Elk is a hamlet on Highway One, between Point Arena and Mendocino. For several years when I’d driven through the hamlet on a weekday, the visitors center had been closed. This trip, it was open, because the State Parks Department has stationed a park employee there during the week. Before, volunteer docents covered the center, and were mostly available on weekends.
The staffer was friendly and well versed on the history of Elk, or Greenwood/Elk as it’s sometimes known. The center is on the ocean side of the highway, in the former mill building, next to the historic post office. The active post office is across the street.
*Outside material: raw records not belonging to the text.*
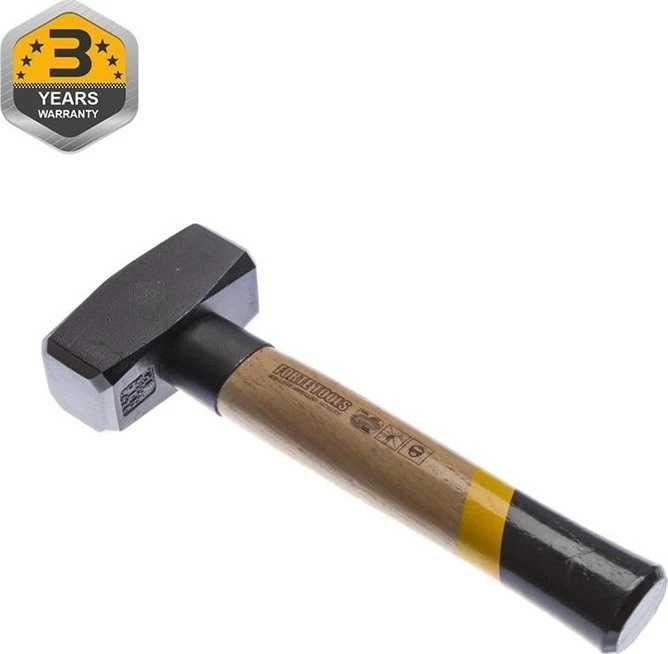 Plaktukas Forte Tools SH2000HS; 2kg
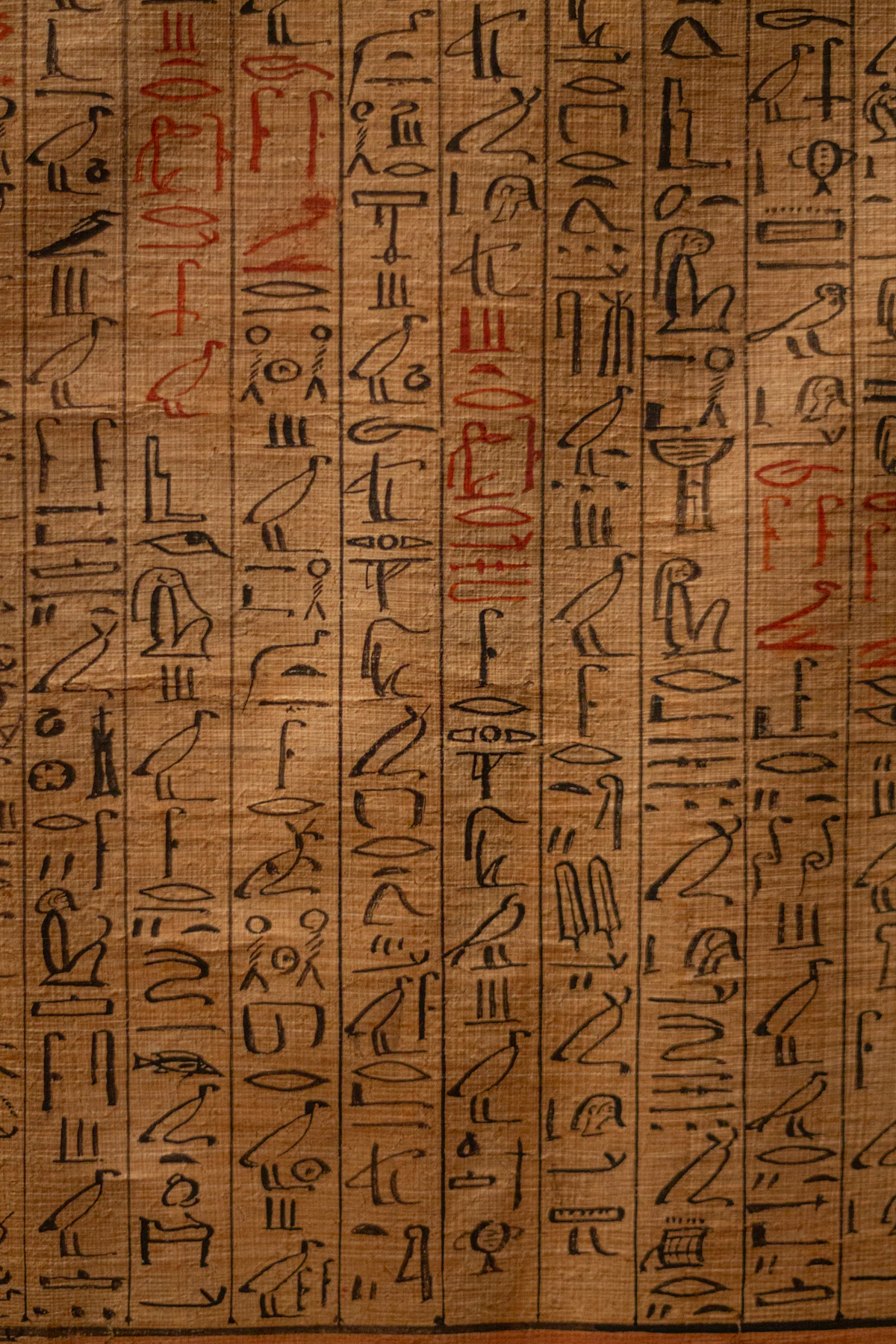 Museo Egizio (Egyptian Museum)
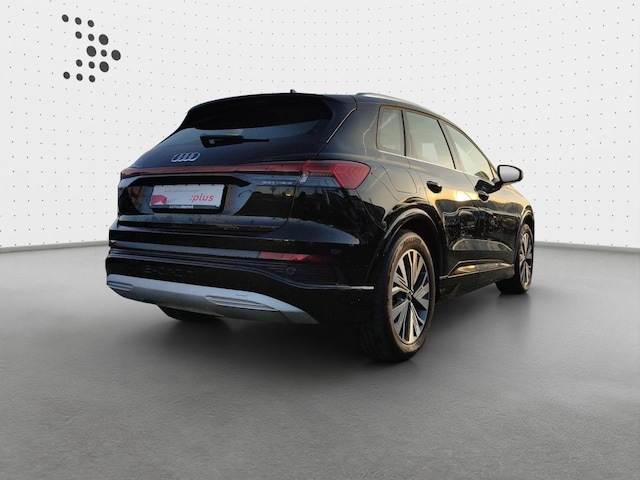 Audi Q4 e-tron 40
Elk was founded in the 1890s and was a thriving lumber mill town. In 1916 the White Goodyear Company built the mill and the office, which included a vault and a safe (it’s still there, on display), shipping lumber to Seattle and San Francisco; until the 1930s when the Depression took its toll. Mills farther inland, like Willits and Ukiah, fared better because of access to transportation.
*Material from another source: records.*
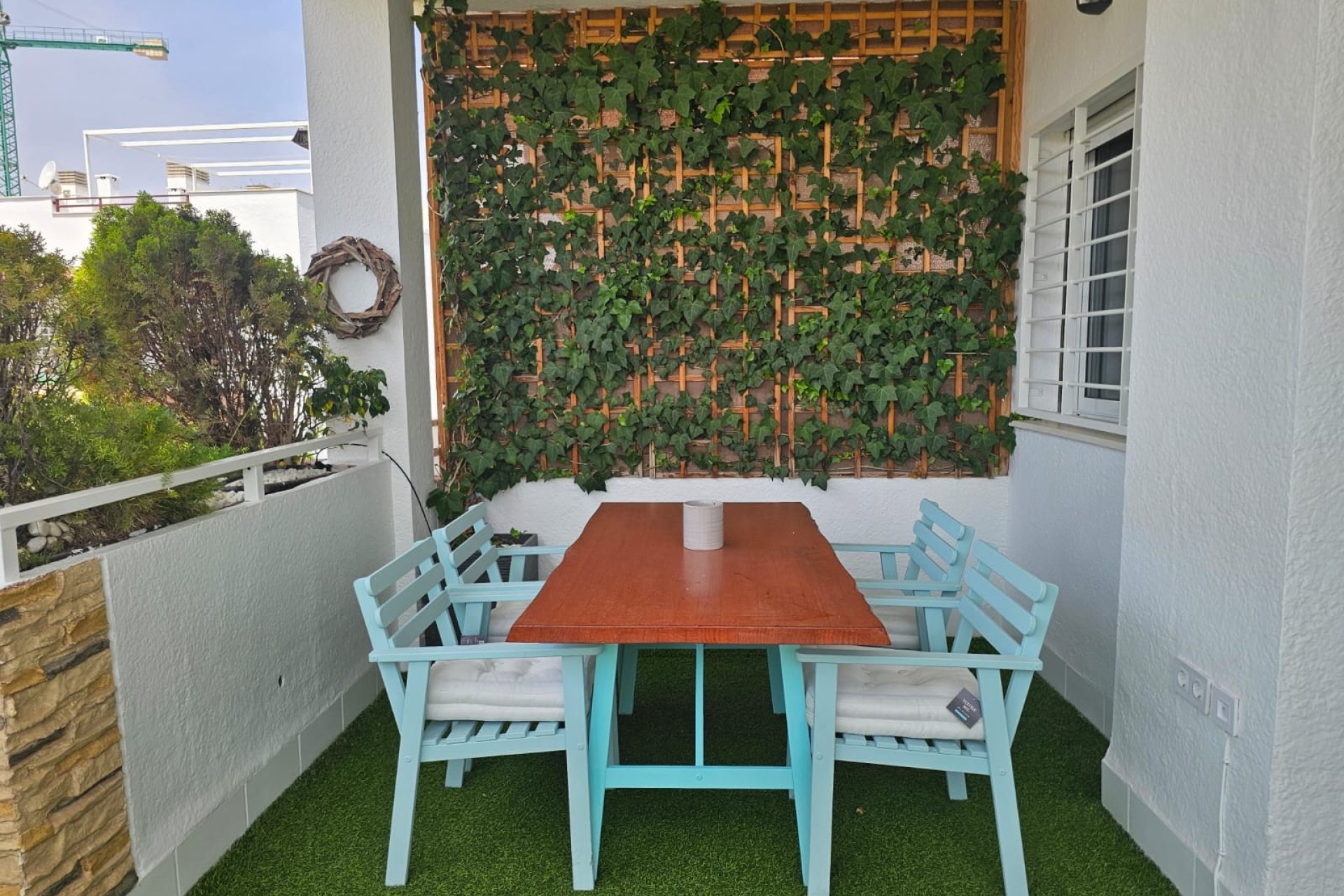 Herverkoop - Appartement / flat - Orihuela Costa - Punta Prima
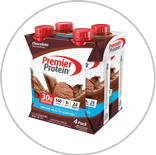 PremierChocolateShakes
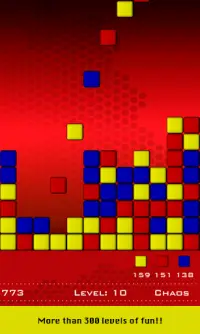 Cube Match - Collapse & Blast Screen Shot 5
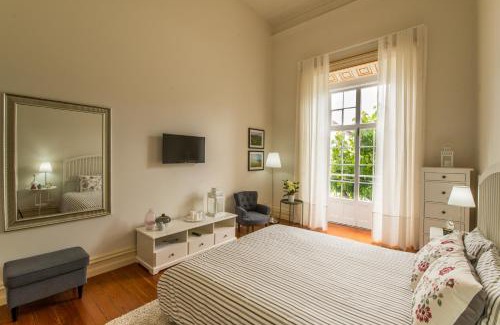 Ponta Delgada House | O Ateneu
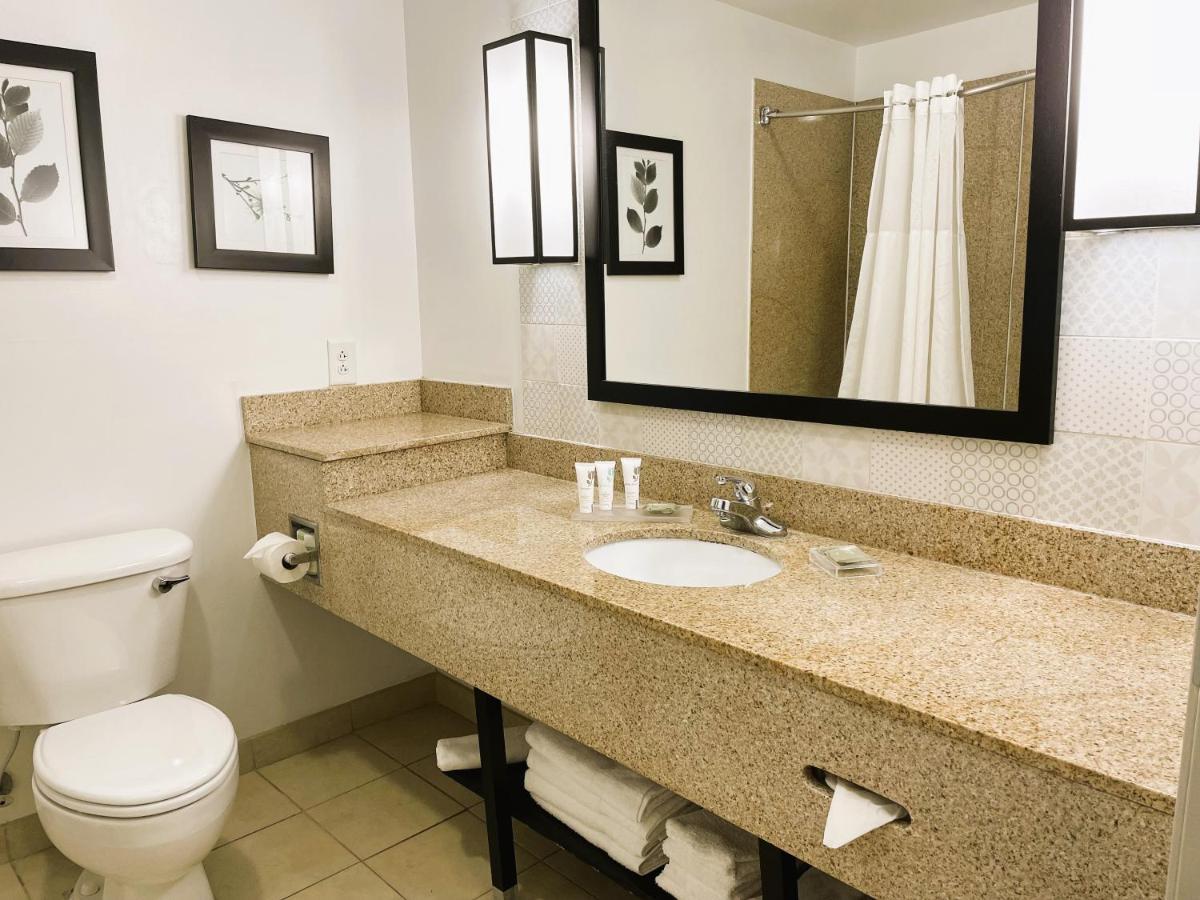 Country Inn & Suites By Radisson, Albany, Ga Kültér fotó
The museum has some family items from the Ross family, the last family to run the mill, a Boy Scout display and some groovy artifacts from the time the building hosted a commune in the 1970s.
The center has located a display about the area’s first human settlers, the Pomo, right by the door. The Pomo were there before the redwoods grew.
The town has two names, Greenwood/Elk. One of the founding families had come from El Dorado County, which had a town named Greenwood. They brought the name with them. When it came time to formally name the town, the US Postal Service had an opinion; they did not want two towns with the same name in the state. The townsfolk chose Elk, but many of them still called in Greenwood, or Greenwood Elk.
The town has a gallery, a deli-diner, a general store and a post office. The fancy Greenwood Pier Inn, part of a refurbished Victorian, has a trendy boutique and a cool garden shop. There are two paths out to the ocean; one to a beach and one out to the great wharf rock.